Space Travel


Space Travel

Any one of these better exemplifies the broader and clearer vision that a manned space flight will provide humanity. The two billionaires, both men, have put their personal ventures in the perspective of what would happen if humans went to the next step and ventured into space. Both are quite confident that mankind will achieve this. But the similarities end there. Indeed, these billionaires have different visions, but they also share a lot of the same assumptions about space travel, which should be examined carefully by the public.

To start, both share the assumption that space is not a vacuum, but it is filled with gases, liquid water, and (at least some) particles of life. The public assumes (perhaps falsely) that such a world-class atmosphere would be conducive to human activity. If humans could live in it, they speculate, would they be able to produce art, architecture, buildings, food, clothing, shelter, and medicine? And would there be anything we wouldn’t need, since all these things are needed for sustaining life? Could we send robots into space to take care of those “ecological” issues? Will we ever know?

The public also assumes that any biological life, whether on Earth or in space, would be self-sufficient, requiring no external support. This assumption seems reasonable, since no other life form has been discovered yet. However, just because no other life exists, it doesn’t mean this life wouldn’t require an atmosphere capable of supporting it. In fact, it would need an environment which is Earth-like, at least in composition.

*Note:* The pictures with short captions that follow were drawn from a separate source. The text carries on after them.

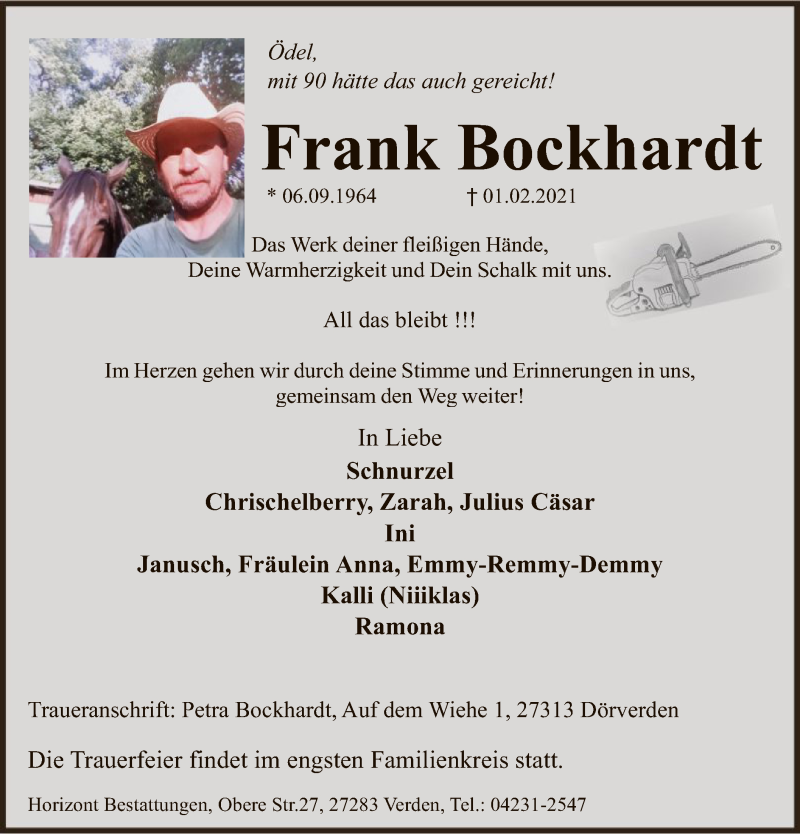  Traueranzeige für Frank Bockhardt vom 13.02.2021 aus SYK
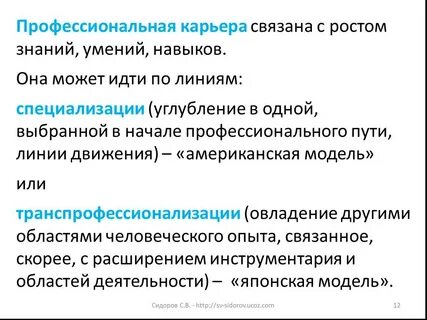 Профессиональная карьера стратегии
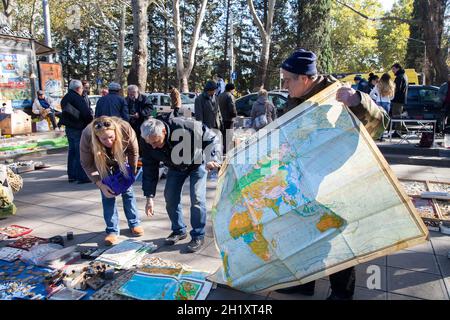Tbilisi,Georgia - 11-04-2016:Tbilisi mercato antico. È un luogo turistico della città Foto Stock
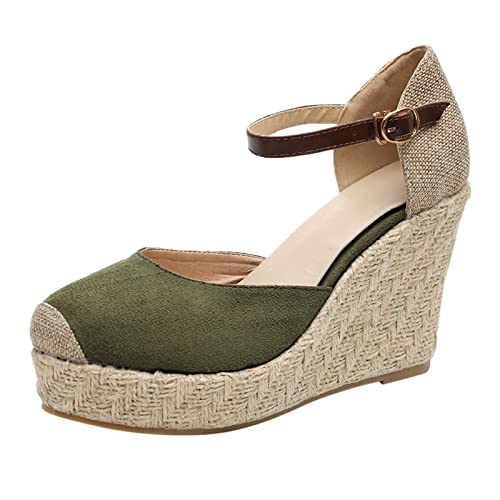 VBEDKDEB Keilabsatz Schuhe Damen Retro Bequem Espadrilles Sandalen 2025 Sommer Lässige Sandaletten Reise Urlaub Geschlossener Zehen Rutschfeste Leinenschuhe mit Verstellbaren Riemchen (Green, 40.5) von VBEDKDEB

As for whether or not living in space would be “good” for mankind, both agree that it would. Since neither knows the answer to this, it is impossible to tell whether or not this would be good. It’s also impossible to tell whether or not doing so would be good for all of humanity, since we don’t know if life would even exist in such an environment. Would we be foolish enough to send robotic beings into space? What happened to the dinosaurs?

Some people claim that if we sent astronauts into space, they would find that they had very different diets from the people of Earth, in that they would eat a lot less vegetables, or perhaps never eat at all. Others say that this would not be a bad thing, since we would learn about the possibilities of plant and animal life in space. Still others believe that space travel will help us better understand ourselves and our surrounding universe.

Whether or not humans will go into space is unknown. Even scientists have many theories as to what it might be like to live there for a substantial amount of time. It might be a very different place from Earth, or it might not. What is clear is that space travel will be a huge part of humankind’s past, present, and future. We may not know what it’s like living in space for a decade or two, but one thing is for certain: we will witness amazing new things in our solar system and beyond.